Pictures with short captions
[Start of section]
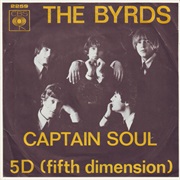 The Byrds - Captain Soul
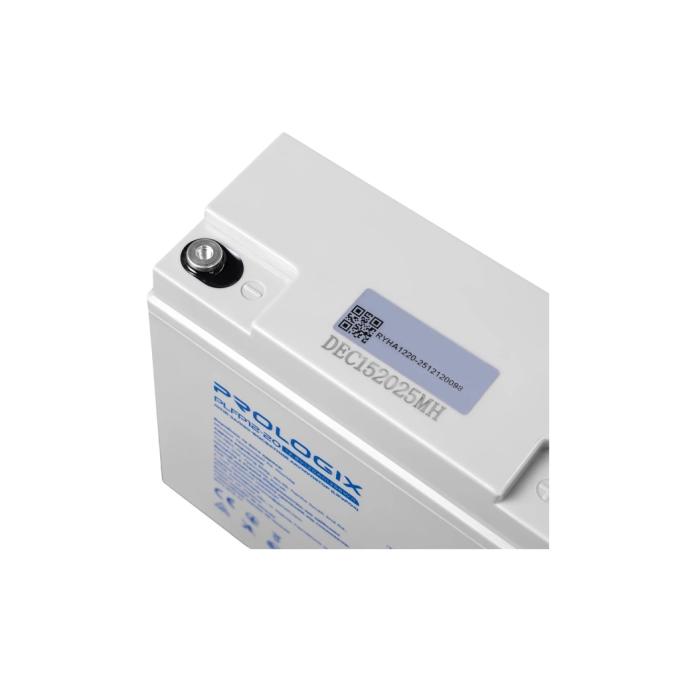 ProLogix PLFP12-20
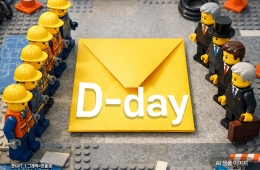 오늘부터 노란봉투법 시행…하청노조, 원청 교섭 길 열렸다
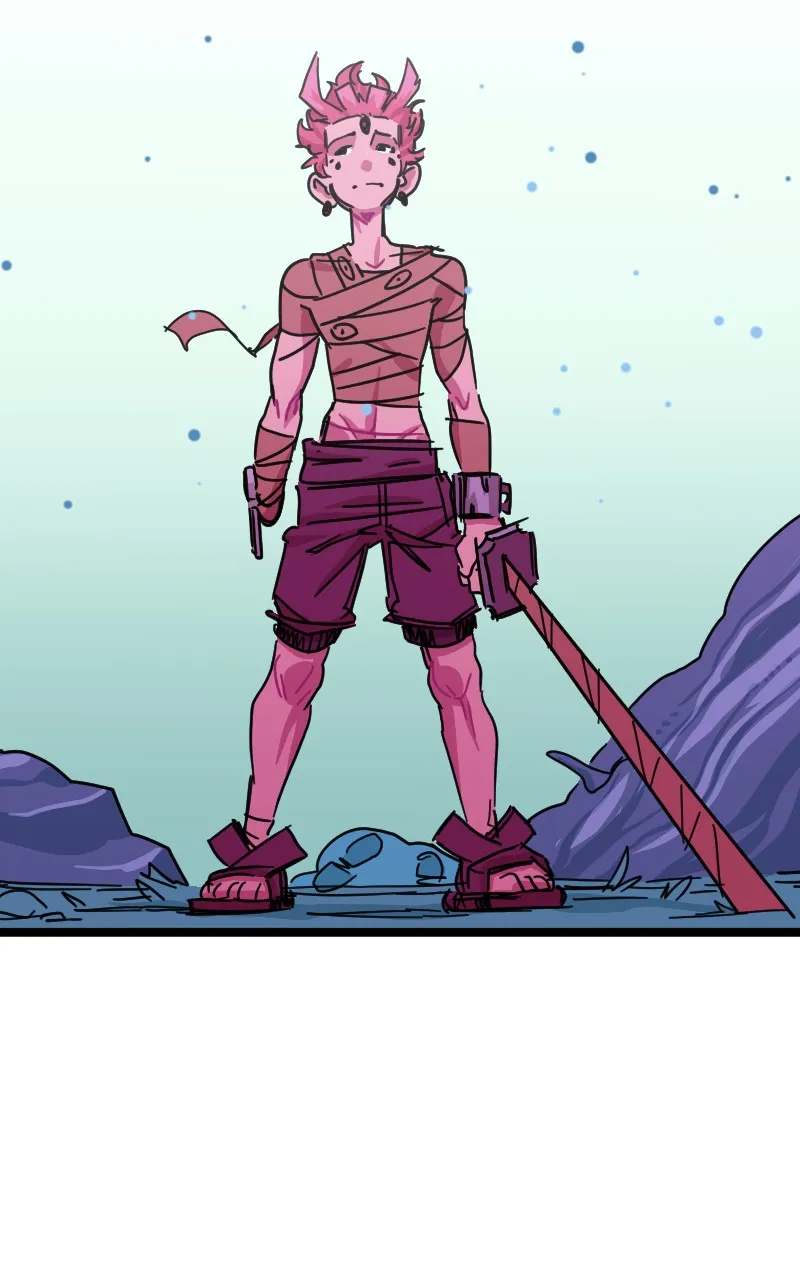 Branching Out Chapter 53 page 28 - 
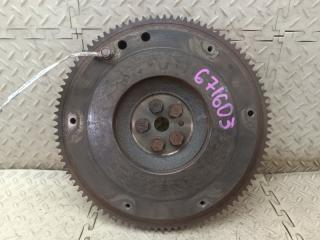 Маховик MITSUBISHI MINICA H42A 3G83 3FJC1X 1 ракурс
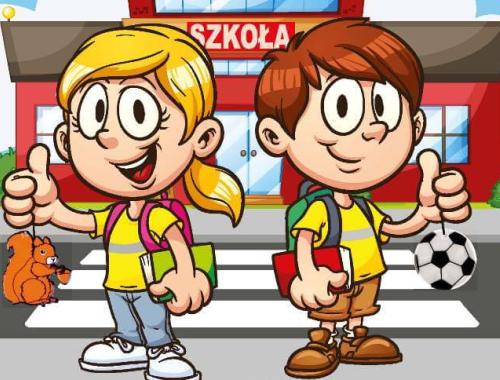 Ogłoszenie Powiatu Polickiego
[End of section]
Where a picture appears, skip it and copy the rest of the data word for word.

 The Byrds - Captain Soul
 ProLogix PLFP12-20
 오늘부터 노란봉투법 시행…하청노조, 원청 교섭 길 열렸다
 Branching Out Chapter 53 page 28 - 
 Маховик MITSUBISHI MINICA H42A 3G83 3FJC1X 1 ракурс
 Ogłoszenie Powiatu Polickiego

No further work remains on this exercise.